The panel does not recommend the use of lactobacillus as a prophylactic agent for rUTI given the current lack of data indicating benefit in comparison to other available agents.
Clinicians should not perform a post-treatment test of cure urinalysis or urine culture in asymptomatic patients.
The Panel does not recommend microbiological reassessment after successful UTI treatment as this may lead to overtreatment. However, in clinical scenarios, such as planned surgical intervention in which mucosal bleeding is anticipated, screening may be required.
Clinicians should repeat urine cultures to guide further management when UTI symptoms persist following antimicrobial therapy.

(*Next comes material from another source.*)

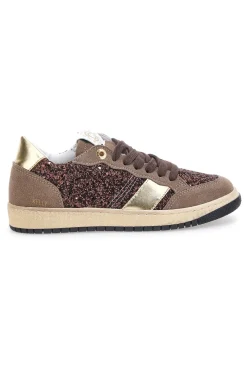Sneakers marroni almond in pelle con dettagli glitter Pittarello Capsule Kelly Made in Italy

A repeat urine culture is reasonable if UTI symptoms persist beyond 7 days. A second antibiotic can be given empirically (after a urine sample is obtained for culture). This strategy will minimize unnecessary treatment of patients with persistent UTI/pain symptoms who are culture-negative.
In peri- and post-menopausal women with rUTIs, clinicians should recommend vaginal estrogen therapy to reduce the risk of future UTIs if there is no contraindication to estrogen therapy
Vaginal estrogen therapy should be prescribed to all peri- and post-menopausal women with rUTI to reduce the risk of rUTI. The formulation of vaginal estrogen that is preferred by the patient should be recommended. Systemic estrogen therapy is not recommended for treatment of rUTI.
Vaginal estrogen therapy can be considered in women with a history of breast cancer, after consulting the patient’s oncologist.